Our Spinnaker pipelines were a black box. Deployments to the Docker Swarm cluster would kick off, and unless someone was actively watching the UI, failures went unnoticed for far too long. We had no historical data on pipeline performance, no way to correlate a deployment with a subsequent spike in application errors, and no means of answering simple questions like, “How often does the integration test stage fail for the checkout-service?” The operational cost of this blindness was accumulating, manifesting as longer incident recovery times and an inability to systematically improve our delivery process. The core pain point was a lack of structured, queryable data about the CI/CD process itself.

The initial concept was to leverage Spinnaker’s built-in webhook notifications. For every significant event in a pipeline’s lifecycle—start, stop, stage completion, failure—Spinnaker can dispatch a JSON payload to a specified HTTP endpoint. If we could capture these events, we could build a powerful dataset. The plan was to create a lightweight service to act as this webhook target. This service would need to be secure, resilient, and capable of transforming Spinnaker’s verbose event data into a format optimized for time-series analysis.

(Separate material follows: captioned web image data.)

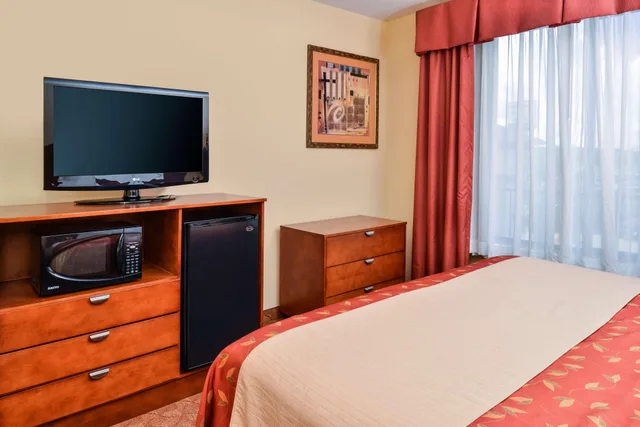 جناح بسرير كينج لذوي الإعاقة، Americas Best Value Inn & Suites Livingston 5/10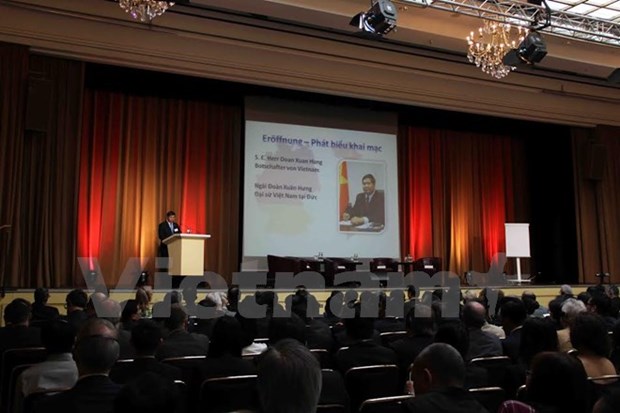 Seminar highlights Vietnam-Germany economic prospects hinh anh 1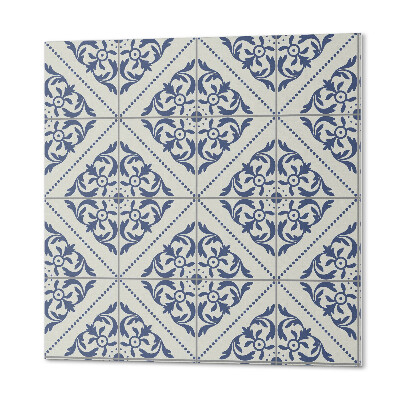 Pvc wall panel square Floral graphic inspirations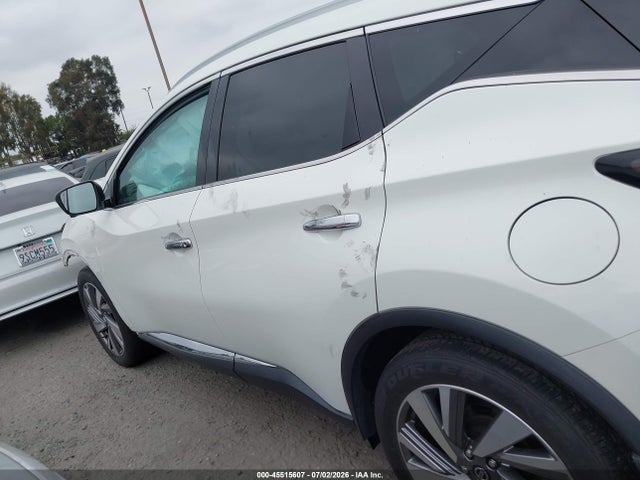 5N1AZ2CJ9LN130209 Nissan Murano Sl Fwd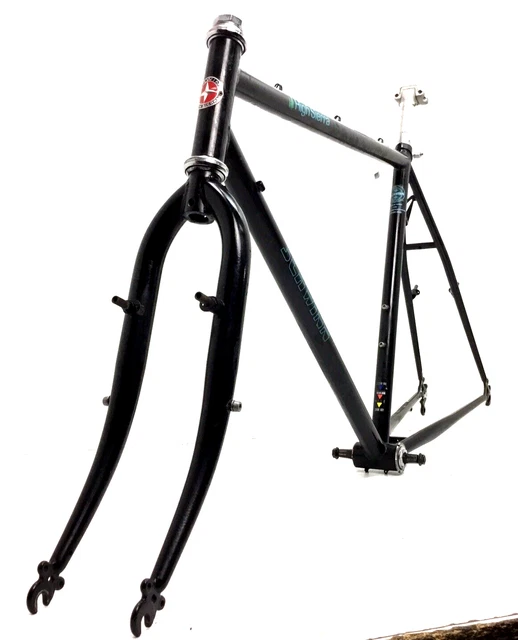 triple butted chromoly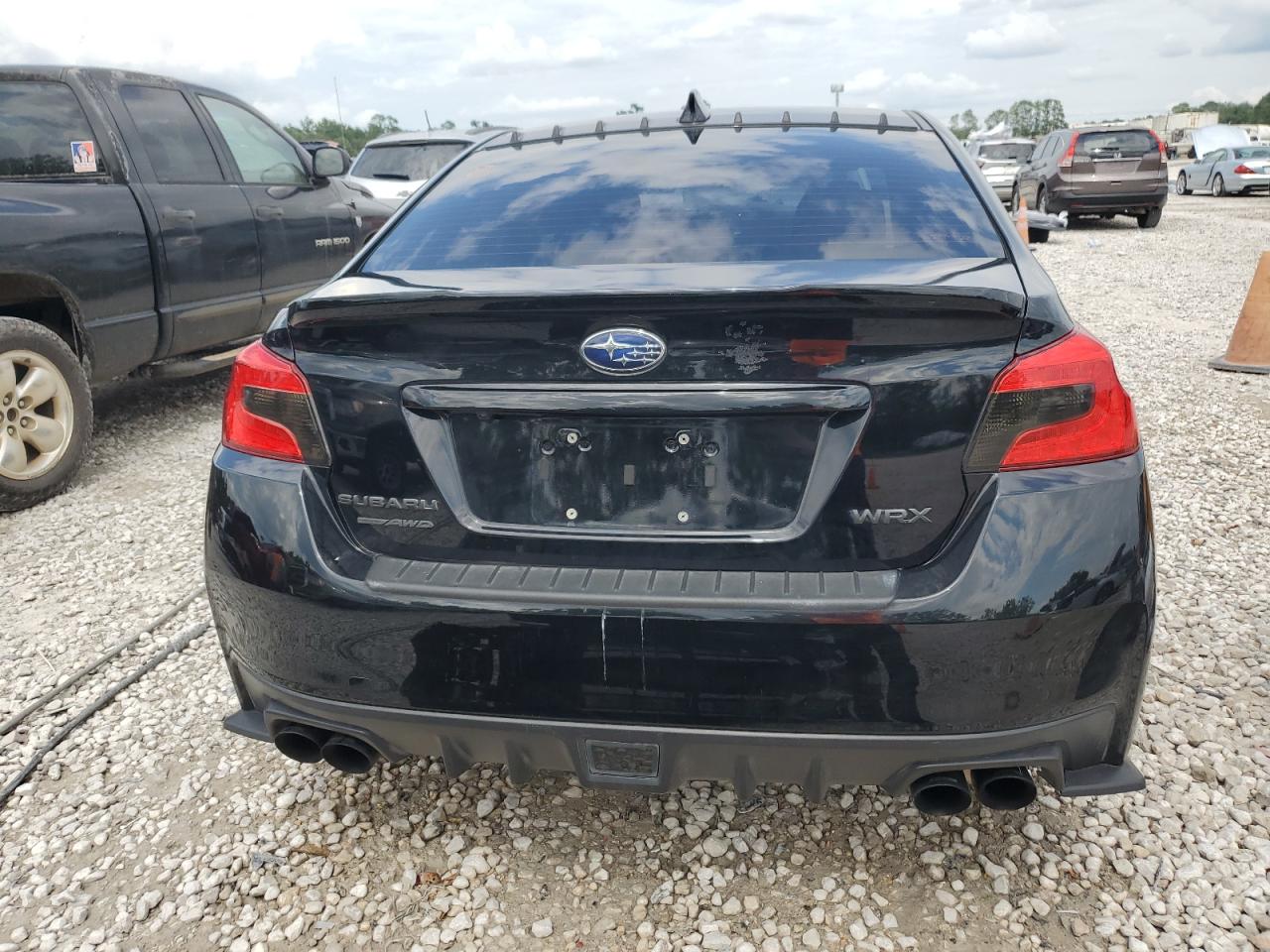 2018 Subaru Wrx VIN: JF1VA1B60J9812928 Lot: 62291544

Technology selection was driven by pragmatism and our existing ecosystem. For the webhook receiver, Node.js was the obvious choice. Its asynchronous, event-driven nature is perfectly suited for an I/O-bound service that primarily receives HTTP requests and writes to a database. Our team’s proficiency in JavaScript meant we could build and maintain it efficiently. For data storage, InfluxDB was selected over a relational database or a document store. Deployment events are fundamentally time-series data: something happened at a specific point in time. InfluxDB’s data model, which revolves around measurements, tags, and fields, and its powerful Flux query language are purpose-built for this exact use case. Attempting to perform complex windowing or downsampling operations on pipeline durations in PostgreSQL would be clumsy and inefficient by comparison.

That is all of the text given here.